§ TASK TO COMPLETE
Leave out the pictures and retype, exactly, the lines below from the line with "Nude Man White" up to and including the line with "Bronco Waste Bin", nothing more.

§ EXERCISE DATA
::::

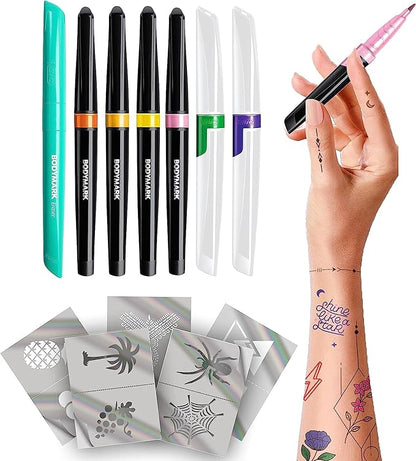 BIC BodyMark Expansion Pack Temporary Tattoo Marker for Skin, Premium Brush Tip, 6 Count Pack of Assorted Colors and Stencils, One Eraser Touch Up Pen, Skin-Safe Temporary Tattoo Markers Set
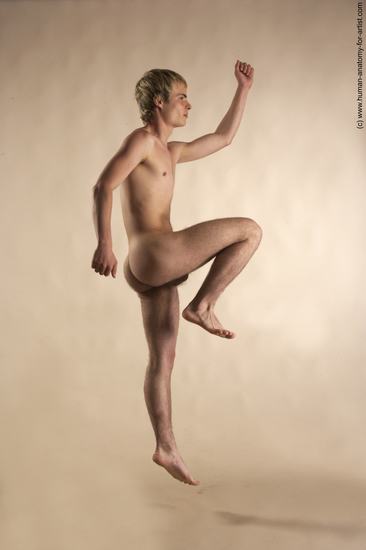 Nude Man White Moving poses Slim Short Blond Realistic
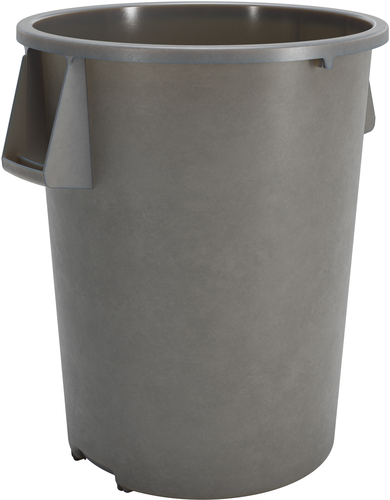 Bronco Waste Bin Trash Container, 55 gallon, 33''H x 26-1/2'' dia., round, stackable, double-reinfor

::::

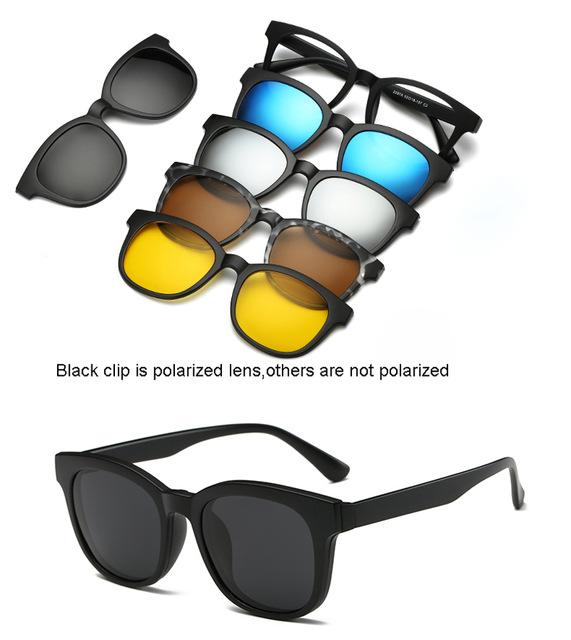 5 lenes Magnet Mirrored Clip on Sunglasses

::::

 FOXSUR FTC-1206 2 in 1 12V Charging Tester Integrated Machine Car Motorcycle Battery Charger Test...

::::

§ PROBLEM SOLUTION
 Nude Man White Moving poses Slim Short Blond Realistic
 Bronco Waste Bin Trash Container, 55 gallon, 33''H x 26-1/2'' dia., round, stackable, double-reinfor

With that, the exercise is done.